======== Data to examine
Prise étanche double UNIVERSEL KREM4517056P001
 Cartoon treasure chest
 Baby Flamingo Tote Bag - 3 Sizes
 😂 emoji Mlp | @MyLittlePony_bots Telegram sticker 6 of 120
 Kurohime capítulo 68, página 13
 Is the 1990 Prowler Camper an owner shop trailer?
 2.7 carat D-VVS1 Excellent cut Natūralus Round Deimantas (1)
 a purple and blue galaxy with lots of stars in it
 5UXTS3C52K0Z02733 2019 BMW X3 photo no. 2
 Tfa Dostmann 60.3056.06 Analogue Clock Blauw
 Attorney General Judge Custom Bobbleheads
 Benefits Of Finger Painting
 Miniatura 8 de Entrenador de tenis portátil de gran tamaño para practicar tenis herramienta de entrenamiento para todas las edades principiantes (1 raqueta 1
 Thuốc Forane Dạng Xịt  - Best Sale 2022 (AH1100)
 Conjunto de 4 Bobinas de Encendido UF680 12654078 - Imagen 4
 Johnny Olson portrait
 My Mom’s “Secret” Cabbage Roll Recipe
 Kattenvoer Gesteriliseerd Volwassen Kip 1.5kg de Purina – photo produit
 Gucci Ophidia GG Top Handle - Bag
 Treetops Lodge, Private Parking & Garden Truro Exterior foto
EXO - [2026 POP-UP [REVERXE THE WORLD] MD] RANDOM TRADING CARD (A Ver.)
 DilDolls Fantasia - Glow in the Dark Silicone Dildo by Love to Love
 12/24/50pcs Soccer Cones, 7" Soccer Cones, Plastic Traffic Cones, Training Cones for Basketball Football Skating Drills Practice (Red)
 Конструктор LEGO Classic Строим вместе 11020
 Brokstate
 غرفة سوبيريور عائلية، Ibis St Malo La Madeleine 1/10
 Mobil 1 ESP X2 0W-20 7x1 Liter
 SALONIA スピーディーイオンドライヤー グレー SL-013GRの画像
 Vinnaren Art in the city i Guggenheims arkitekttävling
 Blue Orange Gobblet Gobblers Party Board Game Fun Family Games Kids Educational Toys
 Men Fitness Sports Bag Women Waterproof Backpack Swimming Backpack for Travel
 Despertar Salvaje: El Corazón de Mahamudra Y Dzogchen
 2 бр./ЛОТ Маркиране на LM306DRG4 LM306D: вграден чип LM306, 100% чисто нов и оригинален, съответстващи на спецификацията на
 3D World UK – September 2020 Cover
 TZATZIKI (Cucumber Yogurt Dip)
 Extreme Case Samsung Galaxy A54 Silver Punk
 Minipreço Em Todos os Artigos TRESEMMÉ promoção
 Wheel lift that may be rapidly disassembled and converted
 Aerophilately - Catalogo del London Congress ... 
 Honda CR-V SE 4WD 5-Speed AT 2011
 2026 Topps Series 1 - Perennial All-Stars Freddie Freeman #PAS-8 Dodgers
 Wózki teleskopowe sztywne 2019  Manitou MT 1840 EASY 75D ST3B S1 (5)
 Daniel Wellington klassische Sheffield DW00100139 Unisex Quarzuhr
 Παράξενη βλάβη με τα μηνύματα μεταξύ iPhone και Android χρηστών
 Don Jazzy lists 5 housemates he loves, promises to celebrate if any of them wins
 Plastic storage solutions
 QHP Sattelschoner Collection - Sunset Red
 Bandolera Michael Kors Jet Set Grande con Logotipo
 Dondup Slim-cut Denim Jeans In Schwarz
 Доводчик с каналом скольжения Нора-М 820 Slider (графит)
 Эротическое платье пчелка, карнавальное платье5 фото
================
Only the lines from the start of the data to the line holding "Is the 1990" are wanted; return them exactly, both ends included.

Prise étanche double UNIVERSEL KREM4517056P001
 Cartoon treasure chest
 Baby Flamingo Tote Bag - 3 Sizes
 😂 emoji Mlp | @MyLittlePony_bots Telegram sticker 6 of 120
 Kurohime capítulo 68, página 13
 Is the 1990 Prowler Camper an owner shop trailer?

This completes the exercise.